I am with Interval and am not familar with the XYZ 2 for 1 benefit you are mentioning.  I have searched their website and can't seem to find out anything about it.  Can you explain what this is for me?

Thanks


----------



## antjmar (Mar 7, 2012)

bobpark56 said:


> You seem to have forgotten opportunity costs...the $ you could have been earning from investing (instead) the $ you spent on purchasing your vacation ownerships.



I think he got his TS for free or almost free!


----------



## Ridewithme38 (Mar 7, 2012)

antjmar said:


> I think he got his TS for free or almost free!



My Wyndham Week i got for $1, seller paid closing and all fees & it included that years stay free....My Sheraton i paid closing and all fees, but it was completely free other then that


----------



## chriskre (Mar 7, 2012)

I figure about $81 when all is said and done for roughly 9-12 weeks of vacation a year.  That's including all MF's. reservation fees, club fees and exchange company memberships and fees.  I mostly stay in 2 bedrooms so I consider that a great value for my "investment".  

Some weeks are more and some less but the average is about $80 a night.  I own from DVC/HGVC level down to my old coverted motel at the beach so there is room to tweak my portfolio up or down depending on my future ecomomic scenario.  Hopefully my fun will continue.


----------



## hypnotiq (Mar 7, 2012)

Jesus 9-12 weeks? I thought I had it good with 8. What the hell do you do?


----------



## DeniseM (Mar 7, 2012)

Doogie said:


> I am with Interval and am not familar with the XYZ 2 for 1 benefit you are mentioning.  I have searched their website and can't seem to find out anything about it.  Can you explain what this is for me?
> 
> Thanks



It's not on the II website - put this in your google search box and search TUG for it - there is a ton of info. -  *"xyz"site:tugbbs.com*


----------



## Beefnot (Mar 7, 2012)

Doogie said:


> I am with Interval and am not familar with the XYZ 2 for 1 benefit you are mentioning.  I have searched their website and can't seem to find out anything about it.  Can you explain what this is for me?
> 
> Thanks



It is not advertised at all publicly.  The following links should help you understand the basics of how it works.
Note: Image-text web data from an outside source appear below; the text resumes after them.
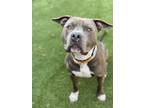 Adopt PLUM a Pit Bull Terrier, Mixed Breed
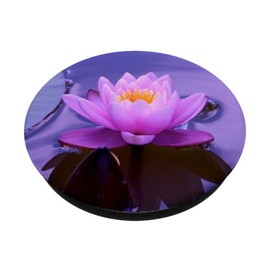 Flower Plant Bright Purple Pink Water Lily Love Gift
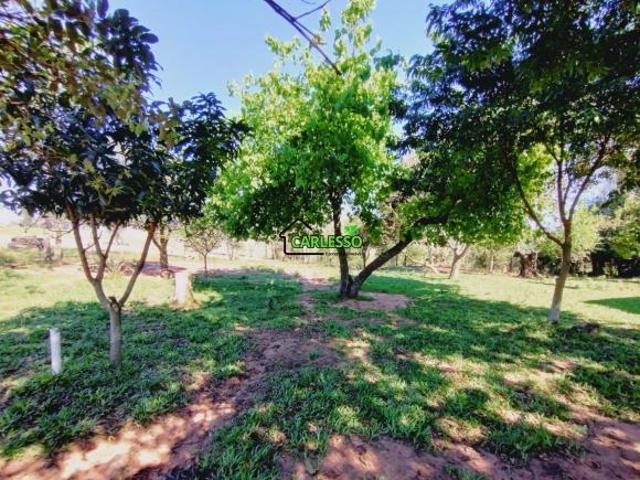 Sítio para venda em Centro, São Pedro do Sul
http://www.tugbbs.com/forums/showthr...ighlight=Lovin

http://www.tugbbs.com/forums/showthread.php?t=152788


----------



## MichaelColey (Mar 7, 2012)

Our timeshare stays have range from about $30 per night to $150 per night, with an average of about $70.  That includes upfront costs amortized over 5-10 years, maintenance fees, housekeeping fees, annoyance fees (DVC), annual dues, exchange fees, combine fees, etc.  Considering our mix of stays includes a LOT of DVC and Hawaii, I'm VERY satisfied.


----------



## K2Quick (Mar 7, 2012)

Mine for 2011 (I haven't finalized 2012 plans yet):

Timeshare stays:
7 nights Four Seasons Aviara 2 BR
5 nights Worldmark West Yellowstone 1 BR
7 nights Westin Ka'anapali 2 BR

Costs:
Starwood Maintenance Fee $908
Worldmark Credit Costs $366
II Membership Fee $45
II Exchange Fees $253
TOT Taxes $87
Opp. Cost on Invested Value $71
Total Cost $1,730  ($91/night)

Hotel Stays (incl. taxes, fees):
2 nights Westin Westminster Priceline $133
1 night Renaissance Las Vegas Priceline $63
1 night Courtyard Flagstaff Priceline $65
1 night Courtyard Page Free (points)
2 nights Sheraton Waikiki (cash+points) $247
Total Cost $508 ($73/night)

Blended Total (Timeshares and Hotels) = $2,238 ($86/night)


----------



## Beefnot (Mar 7, 2012)

K2Quick said:


> Mine for 2011 (I haven't finalized 2012 plans yet):
> 
> Timeshare stays:
> 7 nights Four Seasons Aviara 2 BR
> ...



So you locked off your Starwood TS and got a 2BR Aviara and 2BR Ka'anapali?  Wow, did you pull that off during flexchange?


----------



## DeniseM (Mar 7, 2012)

Beefnot said:


> So you locked off your Starwood TS and got a 2BR Aviara and 2BR Ka'anapali?  Wow, did you pull that off during flexchange?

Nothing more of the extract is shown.